Zoom. Une start-up suisse basée aux Etats-Unis a inventé une méthode pour tromper nos papilles en créant l’illusion d’un goût salé ou sucré. Les géants de l’alimentaire se pressent au portillon.

Les paquets de nouilles Maggi, de crackers en forme de poisson rouge et de biscuits salés qui traînent un peu partout tranchent avec l’assemblage de pipettes et de machines en inox du laboratoire. Il y a aussi une machine à pain, un appareil à popcorn et un micro-ondes.

Cet espace de recherche situé dans une banlieue industrielle du New Jersey, à deux pas de New York, a pour but de développer des superaliments qui donnent l’illusion de contenir du sel et du sucre alors qu’ils n’en ont presque pas.

«Nous venons de tester une barre protéinée à base d’épinards, commente une laborantine. Trop amer.» A travers l’embrasure de la porte, on aperçoit un groupe de goûteurs anonymes, sélectionnés pour leurs papilles ultrasensibles. Assis autour d’une table, ils avalent de la poudre au goût de poulet délivrée dans de petits godets en plastique et prennent des notes.

«Nous travaillons actuellement avec Nestlé pour créer des aliments qui contiennent moins de sel, raconte Christian Kopfli, fondateur de cette entreprise appelée Chromocell. Les premiers produits devraient arriver sur le marché d’ici à la fin de l’année.»

Débarqué à New York en 1997 pour y effectuer des études de droit, ce grand brun au rire tonitruant n’a jamais plus quitté les Etats-Unis, si l’on excepte deux courts séjours à Francfort et à Tokyo. En 2002, il a décidé de lancer Chromocell avec un scientifique d’origine perse, Kambiz Shekdar.

Celui-ci avait développé une méthode originale, surnommée Chromovert, pour recréer en laboratoire des lignées de cellules qui simulent ce qui se passe dans notre corps. «Normalement, lorsqu’on génère des cellules in vitro, très peu sont utilisables, détaille Kambiz Shekdar.

Le défi est de repérer et d’isoler celles qui sont les plus proches de la réalité. Notre méthode permet de le faire au moyen d’un marqueur génétique fluorescent.» Chromocell s’en est servi pour fabriquer des cellules qui reproduisent parfaitement les récepteurs de goût que nous avons dans la bouche.

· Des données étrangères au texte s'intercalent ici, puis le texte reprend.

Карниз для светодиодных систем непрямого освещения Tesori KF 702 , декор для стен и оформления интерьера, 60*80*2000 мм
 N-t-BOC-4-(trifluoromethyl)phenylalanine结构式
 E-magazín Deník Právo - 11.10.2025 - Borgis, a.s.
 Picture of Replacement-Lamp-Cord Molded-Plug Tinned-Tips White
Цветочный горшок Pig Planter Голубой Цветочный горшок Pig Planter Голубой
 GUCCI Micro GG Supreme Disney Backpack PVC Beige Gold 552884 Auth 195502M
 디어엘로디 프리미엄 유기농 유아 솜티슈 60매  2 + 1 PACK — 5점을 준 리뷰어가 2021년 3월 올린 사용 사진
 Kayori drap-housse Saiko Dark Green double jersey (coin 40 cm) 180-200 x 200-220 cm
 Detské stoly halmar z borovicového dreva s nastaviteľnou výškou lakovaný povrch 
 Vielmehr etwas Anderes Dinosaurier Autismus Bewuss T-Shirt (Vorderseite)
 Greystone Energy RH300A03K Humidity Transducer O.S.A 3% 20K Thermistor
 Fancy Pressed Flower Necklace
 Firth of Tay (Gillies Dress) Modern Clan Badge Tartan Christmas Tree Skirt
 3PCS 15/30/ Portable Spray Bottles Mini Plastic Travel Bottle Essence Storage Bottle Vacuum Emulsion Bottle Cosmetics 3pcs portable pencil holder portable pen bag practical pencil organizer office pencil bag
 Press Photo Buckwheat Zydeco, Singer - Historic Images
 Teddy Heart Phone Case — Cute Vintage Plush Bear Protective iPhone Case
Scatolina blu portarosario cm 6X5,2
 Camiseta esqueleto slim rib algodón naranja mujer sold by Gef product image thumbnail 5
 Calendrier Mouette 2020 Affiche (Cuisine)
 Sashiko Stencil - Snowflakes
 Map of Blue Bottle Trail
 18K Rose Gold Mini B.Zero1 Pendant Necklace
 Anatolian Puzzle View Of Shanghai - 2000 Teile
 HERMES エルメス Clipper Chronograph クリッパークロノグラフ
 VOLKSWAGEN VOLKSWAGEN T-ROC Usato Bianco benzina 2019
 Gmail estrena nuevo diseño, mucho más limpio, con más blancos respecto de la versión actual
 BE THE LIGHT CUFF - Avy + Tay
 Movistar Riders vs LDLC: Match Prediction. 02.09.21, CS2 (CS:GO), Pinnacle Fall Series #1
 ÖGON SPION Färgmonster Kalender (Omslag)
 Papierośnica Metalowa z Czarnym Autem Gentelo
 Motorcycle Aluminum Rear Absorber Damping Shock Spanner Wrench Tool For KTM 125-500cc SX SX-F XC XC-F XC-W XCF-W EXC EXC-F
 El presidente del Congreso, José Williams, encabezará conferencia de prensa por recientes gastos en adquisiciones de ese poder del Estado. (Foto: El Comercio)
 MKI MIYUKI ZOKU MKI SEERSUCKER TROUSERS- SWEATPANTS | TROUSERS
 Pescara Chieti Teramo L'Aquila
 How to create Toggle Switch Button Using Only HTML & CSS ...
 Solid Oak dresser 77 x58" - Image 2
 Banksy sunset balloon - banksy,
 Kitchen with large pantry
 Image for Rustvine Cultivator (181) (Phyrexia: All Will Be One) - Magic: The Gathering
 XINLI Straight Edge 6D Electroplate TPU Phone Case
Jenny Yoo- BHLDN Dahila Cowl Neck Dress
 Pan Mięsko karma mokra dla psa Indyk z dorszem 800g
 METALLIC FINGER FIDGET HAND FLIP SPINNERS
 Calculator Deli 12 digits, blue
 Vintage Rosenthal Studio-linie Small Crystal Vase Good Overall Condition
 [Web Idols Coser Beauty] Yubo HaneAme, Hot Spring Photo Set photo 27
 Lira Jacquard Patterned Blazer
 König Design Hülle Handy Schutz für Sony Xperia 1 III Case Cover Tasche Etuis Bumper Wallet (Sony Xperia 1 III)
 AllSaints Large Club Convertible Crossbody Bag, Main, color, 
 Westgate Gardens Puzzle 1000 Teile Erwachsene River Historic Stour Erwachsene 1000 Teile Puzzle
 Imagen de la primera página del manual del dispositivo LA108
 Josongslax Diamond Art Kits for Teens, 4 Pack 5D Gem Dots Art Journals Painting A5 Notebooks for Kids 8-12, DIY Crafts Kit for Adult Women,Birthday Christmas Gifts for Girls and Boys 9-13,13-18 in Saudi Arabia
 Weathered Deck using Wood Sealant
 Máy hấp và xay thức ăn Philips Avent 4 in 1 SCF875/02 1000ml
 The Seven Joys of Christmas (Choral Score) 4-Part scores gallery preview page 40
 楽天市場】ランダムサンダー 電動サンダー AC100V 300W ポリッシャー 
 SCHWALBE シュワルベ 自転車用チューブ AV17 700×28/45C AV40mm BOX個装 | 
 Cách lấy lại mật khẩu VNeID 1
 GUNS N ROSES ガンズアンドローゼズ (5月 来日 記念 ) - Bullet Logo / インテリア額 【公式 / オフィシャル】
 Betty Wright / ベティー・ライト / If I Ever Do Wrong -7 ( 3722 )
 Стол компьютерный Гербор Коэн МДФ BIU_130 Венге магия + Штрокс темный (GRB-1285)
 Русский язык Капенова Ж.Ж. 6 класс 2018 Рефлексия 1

Ces papilles artificielles sont ensuite utilisées pour tester des milliers de composants, issus pour la plupart de plantes. Il s’agit de découvrir de nouveaux ingrédients capables de stimuler ou de bloquer les récepteurs de goût salé, sucré, amer ou acide. Ces molécules peuvent alors être ajoutées à des aliments pour annuler certains goûts ou en amplifier d’autres.

Kraft, Coca-Cola…

«Cela a attiré l’attention de plusieurs groupes alimentaires, qui voulaient réduire la teneur en sel et en sucre de leurs aliments pour adhérer aux directives adoptées par plusieurs pays occidentaux, dont les Etats-Unis, et répondre à l’intérêt grandissant des consommateurs pour des produits sains», dit le Zurichois de 49 ans.

L’américain Kraft a été le premier à contacter Chromocell. «Ils avaient remplacé le sodium, dans certains de leurs plats précuisinés, par du potassium, relève-t-il. Mais ce dernier laisse un arrière-goût amer et métallique à environ 20% de la population.

Nous avons donc utilisé nos lignées de récepteurs de goût pour tester des composants capables de bloquer cette saveur désagréable.» Les plus efficaces ont été ajoutés aux recettes de Kraft et sont en phase de test.

En 2010, Coca-Cola a sollicité la start-up pour jouer un tour à nos papilles. La société d’Atlanta cherchait un composant qui amplifie la sensation de sucré transmise au cerveau par les récepteurs de goût.
«Le consommateur a ainsi l’impression que le soda qu’il boit a le même goût qu’une boisson normale, alors qu’il contient une teneur réduite en sucre», indique l’entrepreneur, qui se trouve à la tête d’une centaine d’employés. Un Coca light sans saccharine, en somme. Il devrait bientôt être mis sur le marché.

A partir de 2012, Chromocell s’est associée à Nestlé pour travailler sur des aliments – soupes, plats surgelés, nouilles – avec moins de sel. Ici aussi, le but était d’identifier des composants capables d’augmenter la sensation de salé pour les intégrer aux plats du groupe veveysan. Celui-ci a investi 15 millions de dollars dans cette collaboration.

La firme ne compte pas s’arrêter là. A moyen terme, elle aimerait utiliser sa méthode pour découvrir des composants capables de stimuler la production d’insuline, de faire baisser le niveau de cholestérol ou de bloquer la douleur.